Home > TheRest > Cradle of Smurf – S/T

Cradle of Smurf – S/T

Tes Fesses Records, 2007

Well, of course I am picking up an album by a band named Cradle of Smurf.  But the group also helps with that long time hipster difficulty of taste entrapment.  Ever been asked “Hey, do you like Cradle of Filth?”.  It’s a tough question.  If you say that yes, you do like the symphonic death metal band you know you’re going to get sucker punched with “Oh really?  What is your favorite album by them?”  Trapped!  However, if you say no, then the Cradle of Filth fan scoffs at you and says “Of course, you look too wussy to like symphonic death metal.”  Trapped again!  But now you have an out.  If someone asks you if you like Cradle of Filth all you need to do is look knowingly distracted and say “Mmmm, they’re not as good as Cradle of Smurf.”  Not only do you flout the question asked of you, but you now put the other person on the defensive because they have no idea who Cradle of Smurf is!  OH YEAH!  Hipster high five!  Just hope that this Cradle of Filth fan doesn’t read this review, otherwise you may get slapped by a spiked glove because the jig will be up.

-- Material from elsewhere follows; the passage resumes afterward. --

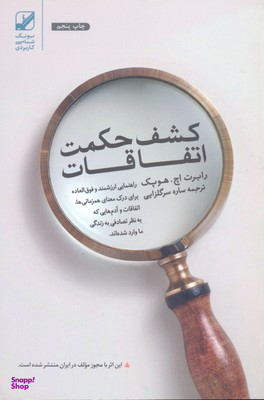 کشف حکمت اتفاقات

The maelstrom of colors and shapes that highlight the album’s cover is not a bad representation of the electronic music Cradle of Smurf composes.  The French duo (one of whom consists of Julie Normal if my research serves me right) deliver mostly poppy electronic songs with quite a few instances of noise and bleeps.  If you listen to these songs repeatedly to let them soak in, those sudden bursts of static nonsense fit in nicely with the flow of the tune.  For instance, “Akai to Aoi” is an upbeat track that begins the album but one can immediately hear the screeching pops that are thrown in periodically.  It doesn’t matter, as they mostly add texture to a song that might sound too bland on its own.  Normal’s voice sort of drones on amidst the light beats, but it’s mainly used as an excuse for lyrics more than a critical part of the song.

While I’m on the topic, if you prefer singing with your electronic music, you can forget it with Cradles of Smurf.  Most songs have no lyrics of any kind, but when there are vocals one almost wishes they just stuck to instrumentals.  For instance, on the group’s cover of Beat Happening’s “Look Around” Normal’s vocals are hard to hear because they are mumbled and wispy.  That may not be such a bad thing to some ears, for it’s not like Calvin Johnson was any kind of Pavarotti.  Thankfully the keyboards keep the song true to form, which also makes it clear that the band probably prefers to stick to its strengths.  Melodically fuzzy songs like “La Mort Du Pape” and lo-fi dance anthems like “Bachir” show that no matter what Cradle of Smurf try, their keyboard skills can craft some pretty good songs.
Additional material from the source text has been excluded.